**What is needed**
Output everything in the data exactly, leaving the pictures out.

**Data below**
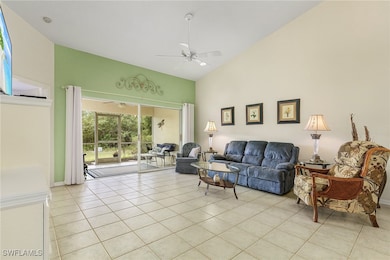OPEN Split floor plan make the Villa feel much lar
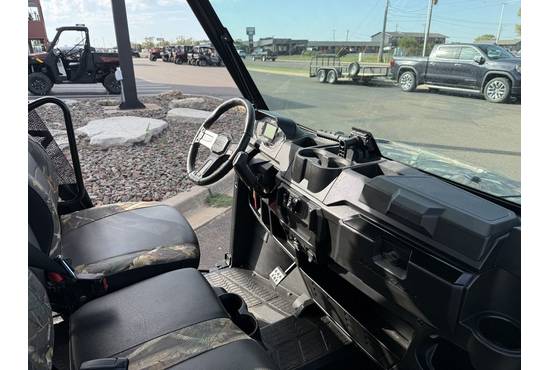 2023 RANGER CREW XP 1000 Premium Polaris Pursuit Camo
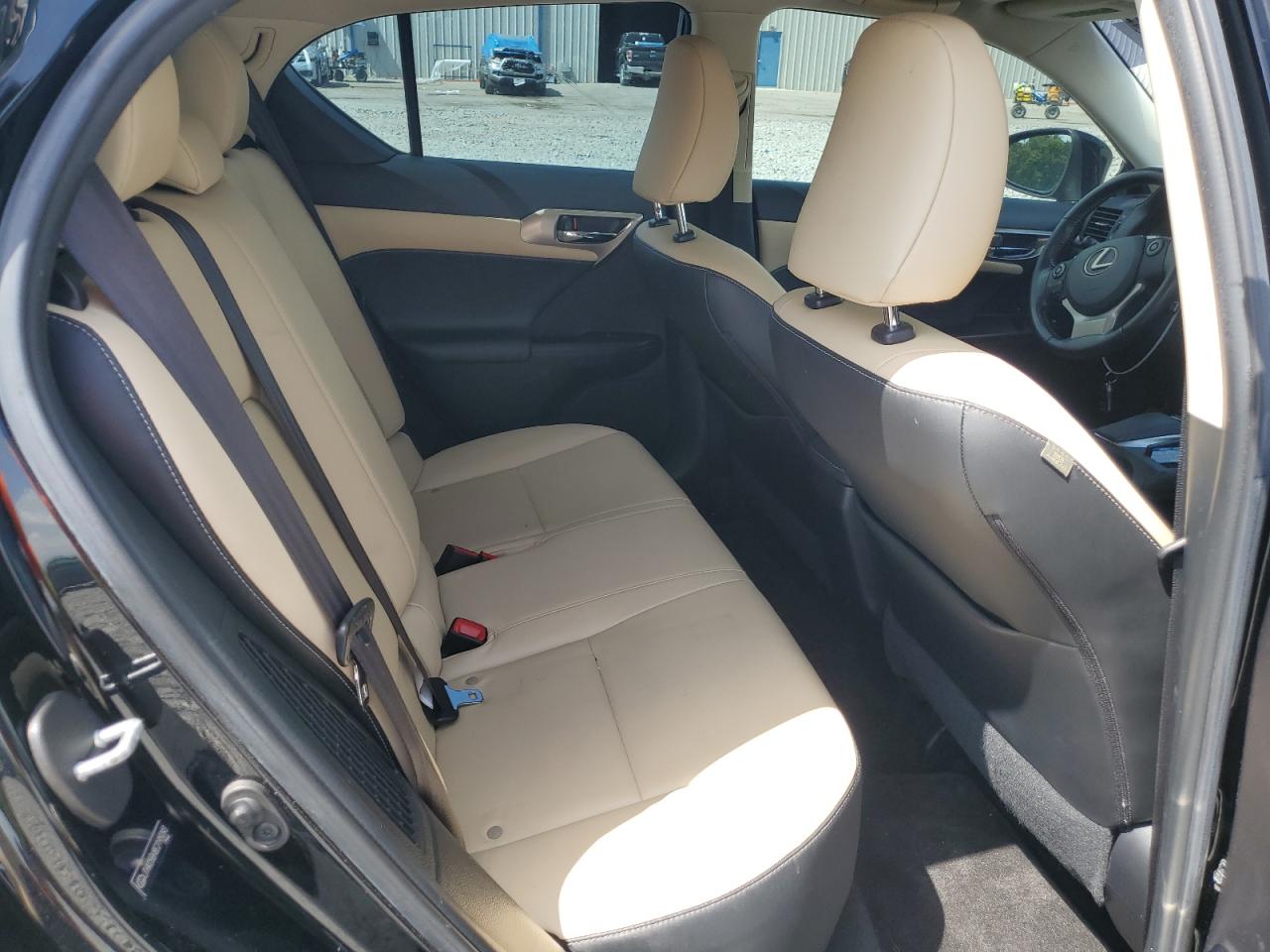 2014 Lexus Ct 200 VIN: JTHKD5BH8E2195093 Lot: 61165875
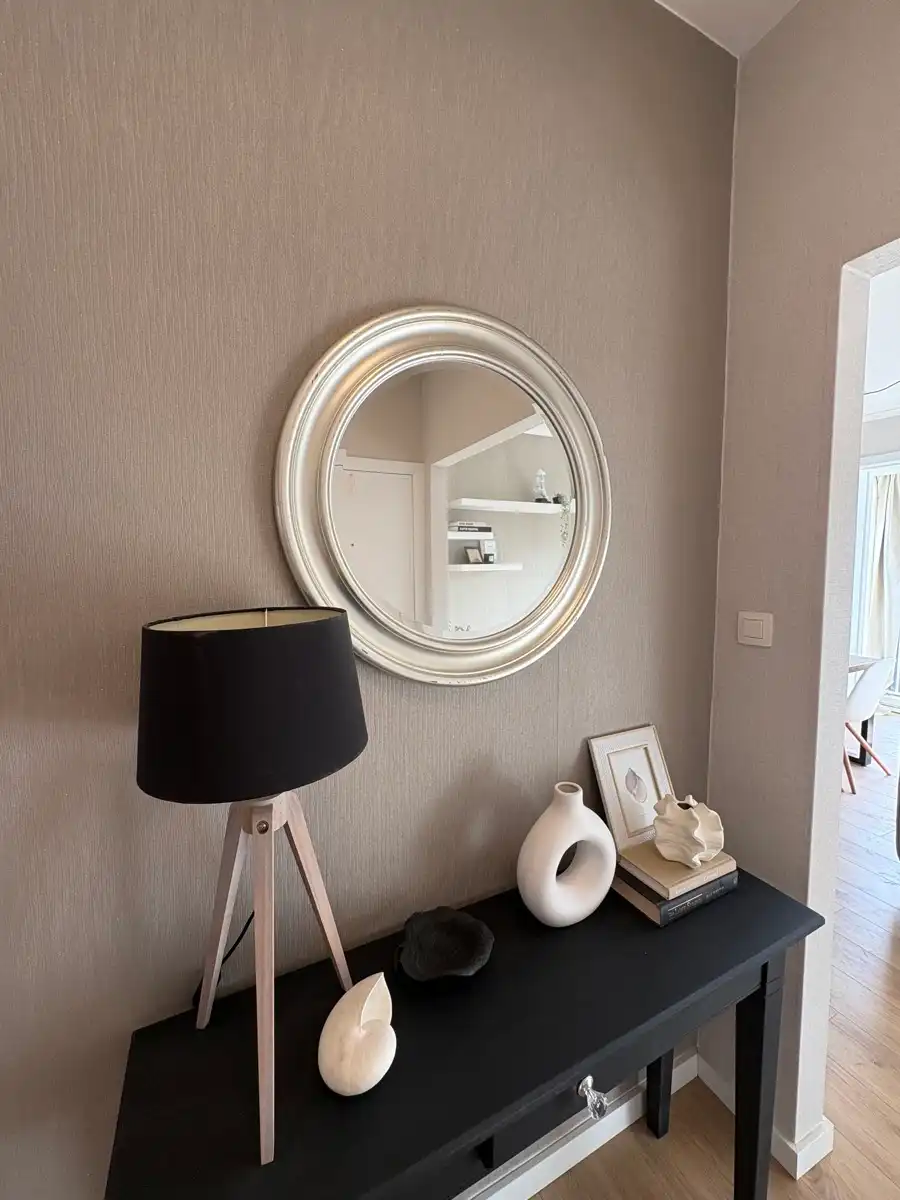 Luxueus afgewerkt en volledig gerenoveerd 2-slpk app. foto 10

**Output of the exercise**
OPEN Split floor plan make the Villa feel much lar
 2023 RANGER CREW XP 1000 Premium Polaris Pursuit Camo
 2014 Lexus Ct 200 VIN: JTHKD5BH8E2195093 Lot: 61165875
 Luxueus afgewerkt en volledig gerenoveerd 2-slpk app. foto 10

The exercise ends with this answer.